___ Data section
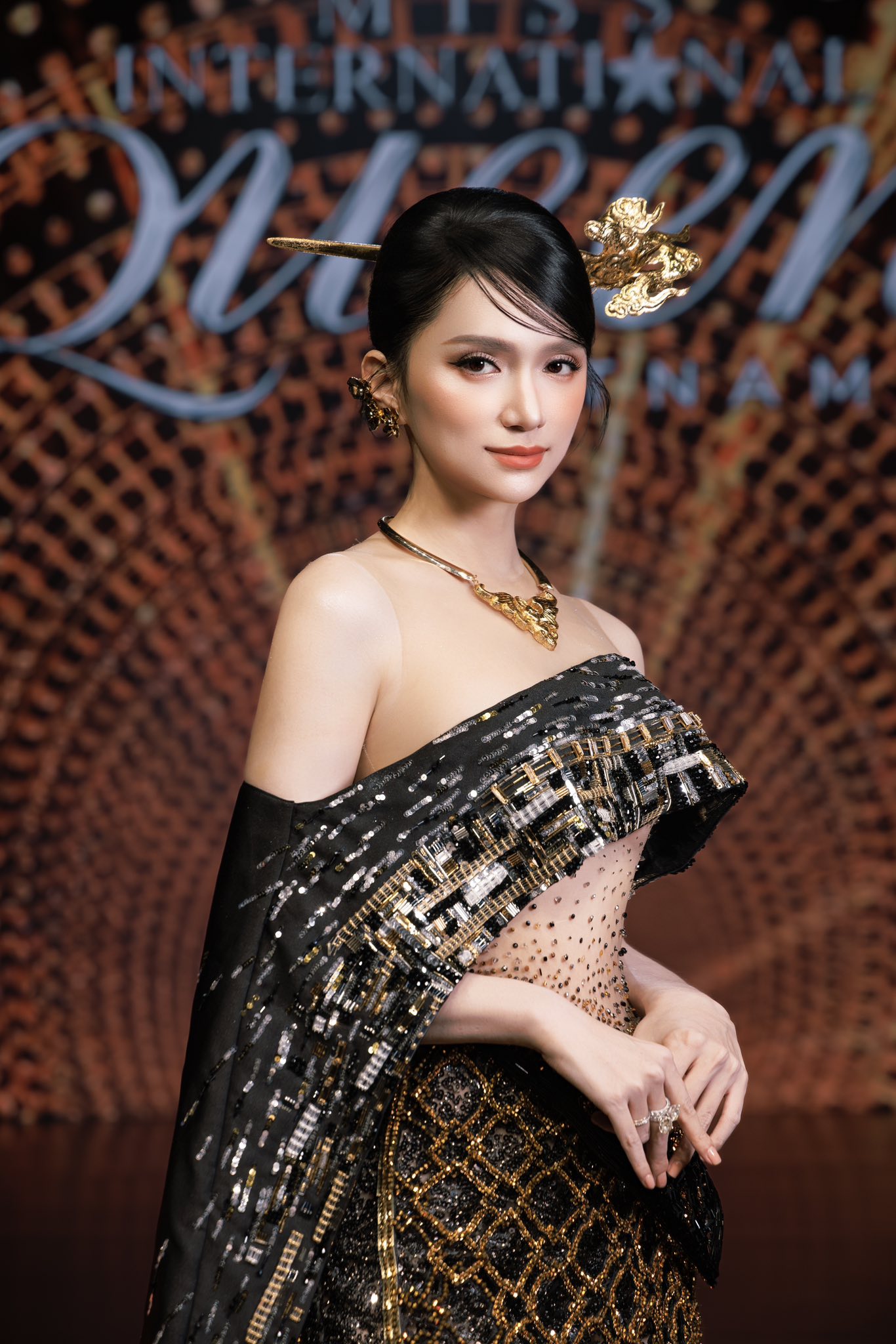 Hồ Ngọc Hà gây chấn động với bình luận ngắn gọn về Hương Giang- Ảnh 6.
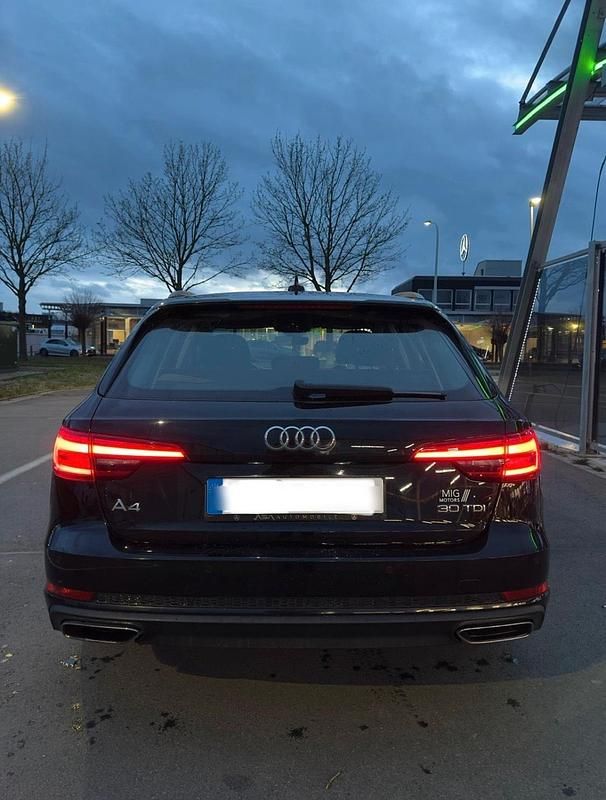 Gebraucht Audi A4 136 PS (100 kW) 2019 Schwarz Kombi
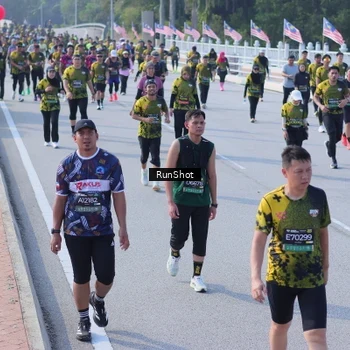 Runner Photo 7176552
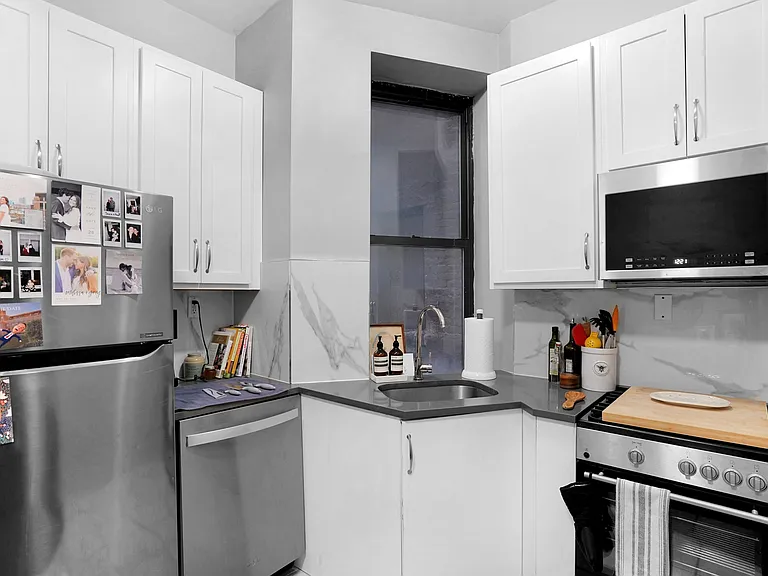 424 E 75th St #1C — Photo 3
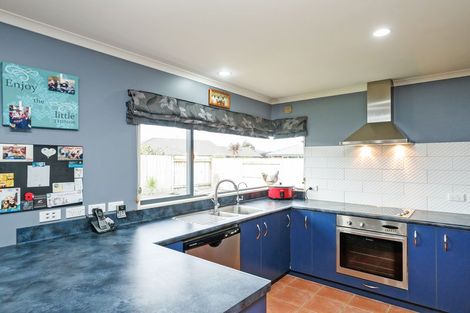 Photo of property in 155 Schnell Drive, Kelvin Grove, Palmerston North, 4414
______
___ Data section
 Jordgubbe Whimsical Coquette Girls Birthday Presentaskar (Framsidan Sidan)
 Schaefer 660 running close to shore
______
___ Data section
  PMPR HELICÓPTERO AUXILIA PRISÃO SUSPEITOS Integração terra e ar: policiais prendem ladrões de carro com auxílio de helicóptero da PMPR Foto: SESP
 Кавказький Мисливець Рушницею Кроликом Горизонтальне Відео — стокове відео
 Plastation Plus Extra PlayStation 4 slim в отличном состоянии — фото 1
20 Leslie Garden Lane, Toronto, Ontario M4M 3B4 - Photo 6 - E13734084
______
**Work request**
Transcribe, word for word, the lines of the listing above from the one that contains "Hồ Ngọc Hà gây" through the one that contains "Photo of property", keeping both ends and dropping the pictures.

**Reply to the exercise**
 Hồ Ngọc Hà gây chấn động với bình luận ngắn gọn về Hương Giang- Ảnh 6.
 Gebraucht Audi A4 136 PS (100 kW) 2019 Schwarz Kombi
 Runner Photo 7176552
 424 E 75th St #1C — Photo 3
 Photo of property in 155 Schnell Drive, Kelvin Grove, Palmerston North, 4414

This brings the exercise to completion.